Aim of the exercise -
The answer should reproduce every entry exactly and contain no images.

____ Records for the task

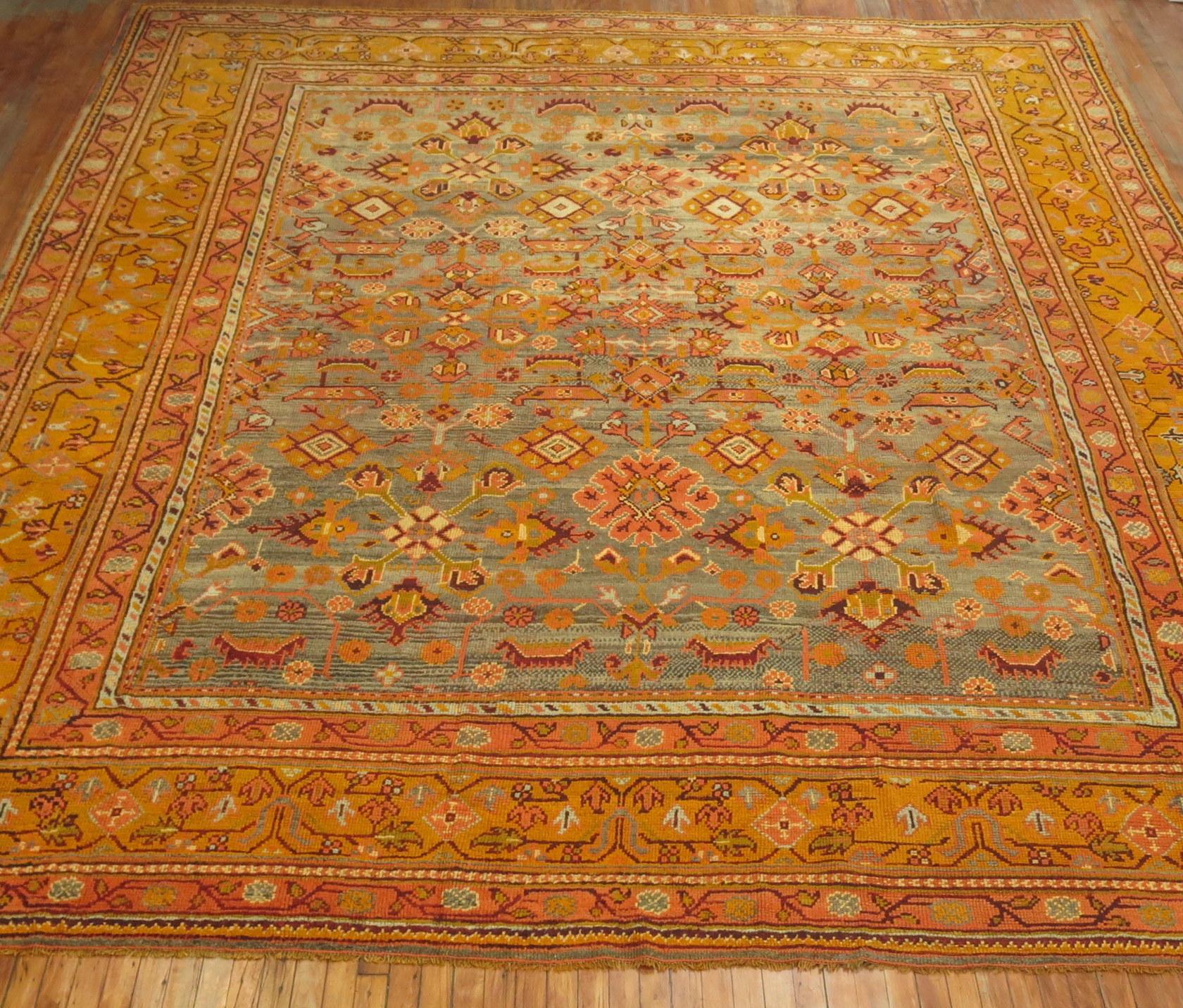 An early 20th century square size antique Turkish Oushak featuring an-all over design in bright saturated colors.

Oushak rugs originated in the small town of Oushak in west-central Anatolia, today just south of Istanbul, Turkey. Unlike most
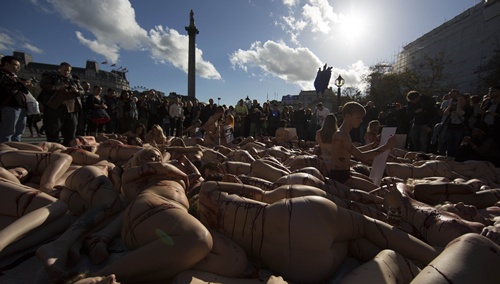 London, Greater London, UNITED KINGDOM: Around 100 people lie naked or partially clothed on the floor in Trafalgar Square covered in fake blood as part of a PETA protest against the meat and fishing industry and to make people aware of World Vegan Day in London on November 1, 2014. AFP PHOTO/Andrew Cowie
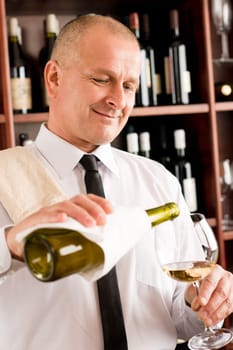 Wine bar happy waiter pour white wine in glass restaurant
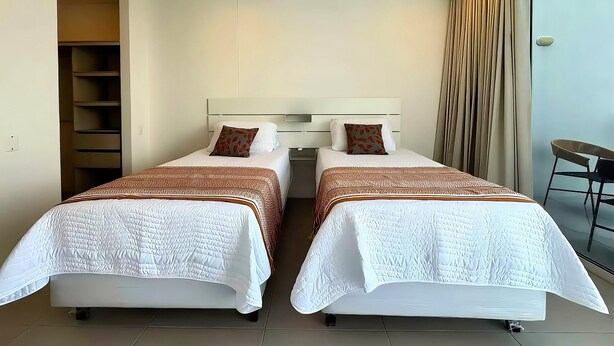 Ein Hotelzimmer mit zwei Betten, einem Kleiderschrank, einem Sessel und Blick ins Freie.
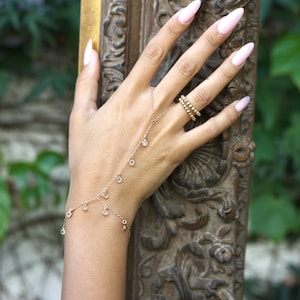 Könnte beinhalten: Eine zarte goldene Handkette mit kleinen, funkelnden, klaren Steinen hängt vom Handgelenk und über dem Handrücken. Ein goldener Ring mit drei Reihen kleiner Perlen befindet sich am Ringfinger. Die Nägel sind hellrosa lackiert.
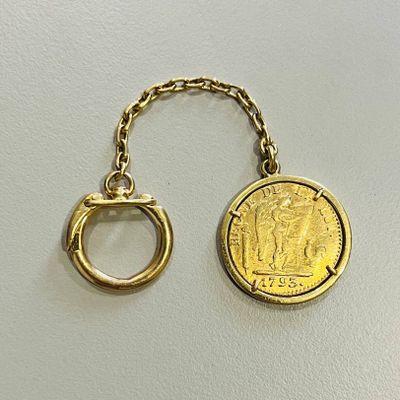 un gros plan d'un porte-clés sur lequel est posée une pièce de monnaie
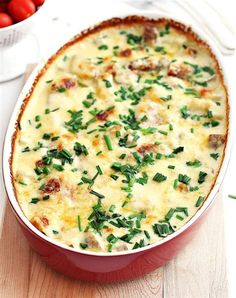 a casserole dish with meat and vegetables in it on a wooden table next to tomatoes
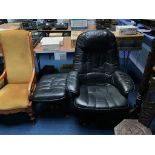 A black leather armchair and footstool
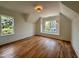 Bright bedroom featuring hardwood floors, white walls, natural light, and modern lighting at 627 Georgetown Rd, Raleigh, NC 27608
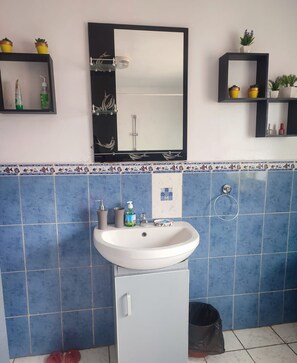 A bathroom with a white sink, blue tiles, a mirror, and shelves with toiletries. - Villa Saphira (Antananarivo)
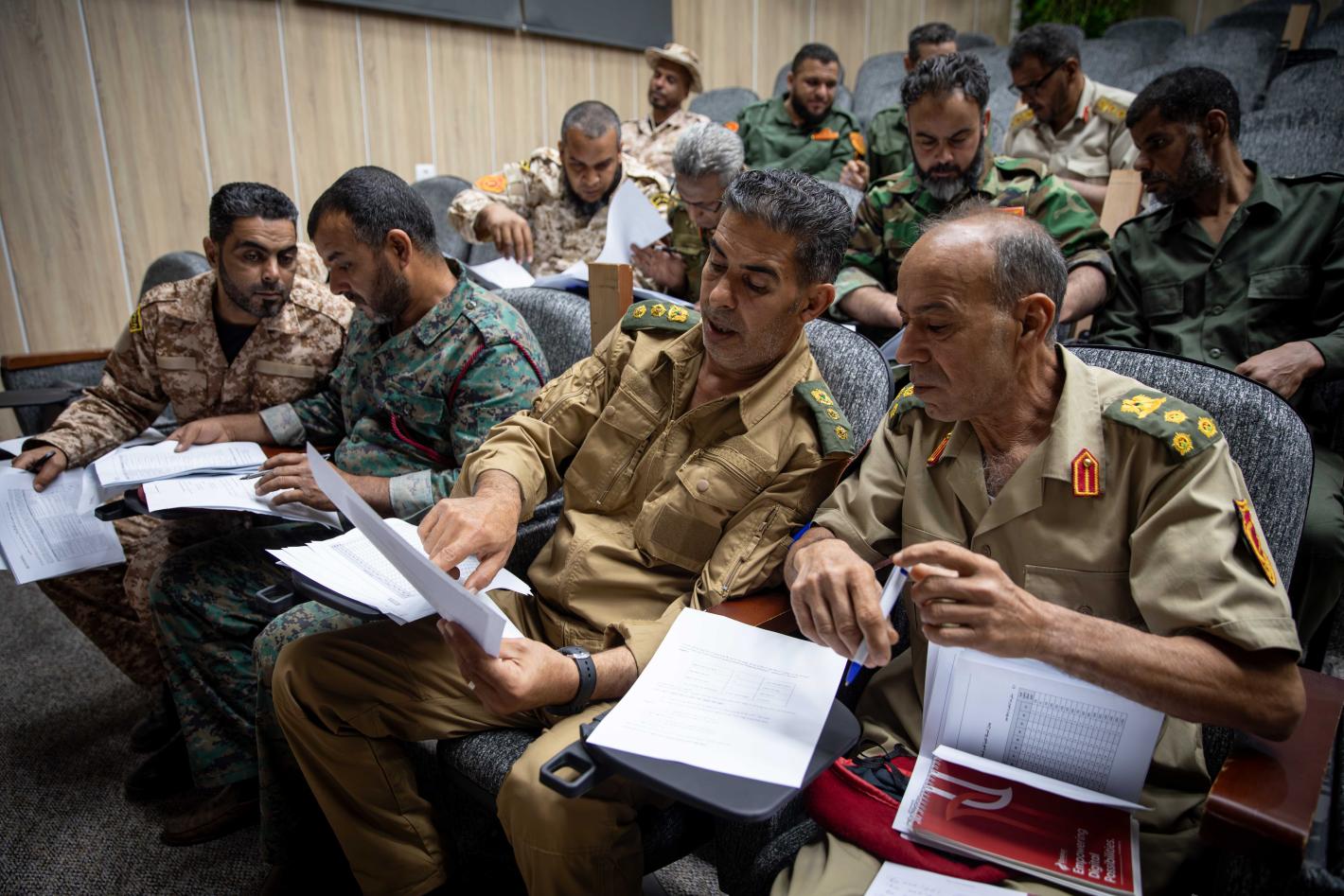 Officers learn about weapons and ammunition management in a classroom at the Ministry of Defence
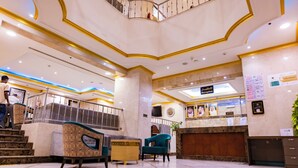 A hotel lobby with marble flooring, a reception desk, a staircase, and a seating area with patterned chairs. - Diyafa Al Mukhtara Hotel (Madinah)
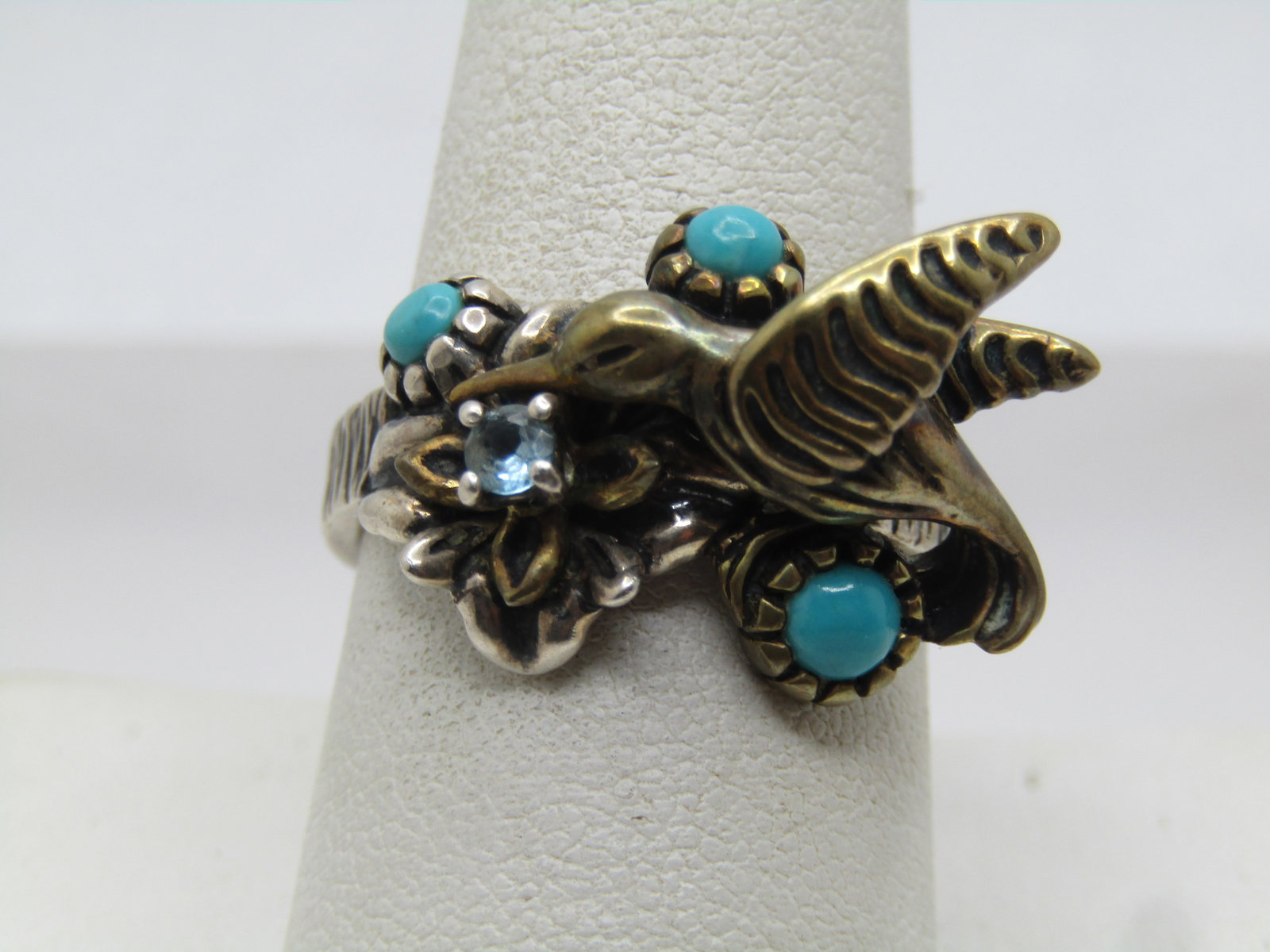 Vintage Sterling Southestern Turquoise Topaz Hummingbird Ring, Sz. 9.25, Carolyn Pollack, Fritz,: Vintage Sterling Southestern Turquoise Topaz Hummingbird Ring, Sz. 9.25, Carolyn Pollack Relios. Marked and tests as sterling with a weight of appx. 9.29 grams. It has three bezel-set turquoise snakey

________

Solution for this task -
 An early 20th century square size antique Turkish Oushak featuring an-all over design in bright saturated colors.

Oushak rugs originated in the small town of Oushak in west-central Anatolia, today just south of Istanbul, Turkey. Unlike most
 London, Greater London, UNITED KINGDOM: Around 100 people lie naked or partially clothed on the floor in Trafalgar Square covered in fake blood as part of a PETA protest against the meat and fishing industry and to make people aware of World Vegan Day in London on November 1, 2014. AFP PHOTO/Andrew Cowie
 Wine bar happy waiter pour white wine in glass restaurant
 Ein Hotelzimmer mit zwei Betten, einem Kleiderschrank, einem Sessel und Blick ins Freie.
 Könnte beinhalten: Eine zarte goldene Handkette mit kleinen, funkelnden, klaren Steinen hängt vom Handgelenk und über dem Handrücken. Ein goldener Ring mit drei Reihen kleiner Perlen befindet sich am Ringfinger. Die Nägel sind hellrosa lackiert.
 un gros plan d'un porte-clés sur lequel est posée une pièce de monnaie
 a casserole dish with meat and vegetables in it on a wooden table next to tomatoes
 A black leather armchair and footstool
 Bright bedroom featuring hardwood floors, white walls, natural light, and modern lighting at 627 Georgetown Rd, Raleigh, NC 27608
 A bathroom with a white sink, blue tiles, a mirror, and shelves with toiletries. - Villa Saphira (Antananarivo)
 Officers learn about weapons and ammunition management in a classroom at the Ministry of Defence
 A hotel lobby with marble flooring, a reception desk, a staircase, and a seating area with patterned chairs. - Diyafa Al Mukhtara Hotel (Madinah)
 Vintage Sterling Southestern Turquoise Topaz Hummingbird Ring, Sz. 9.25, Carolyn Pollack, Fritz,: Vintage Sterling Southestern Turquoise Topaz Hummingbird Ring, Sz. 9.25, Carolyn Pollack Relios. Marked and tests as sterling with a weight of appx. 9.29 grams. It has three bezel-set turquoise snakey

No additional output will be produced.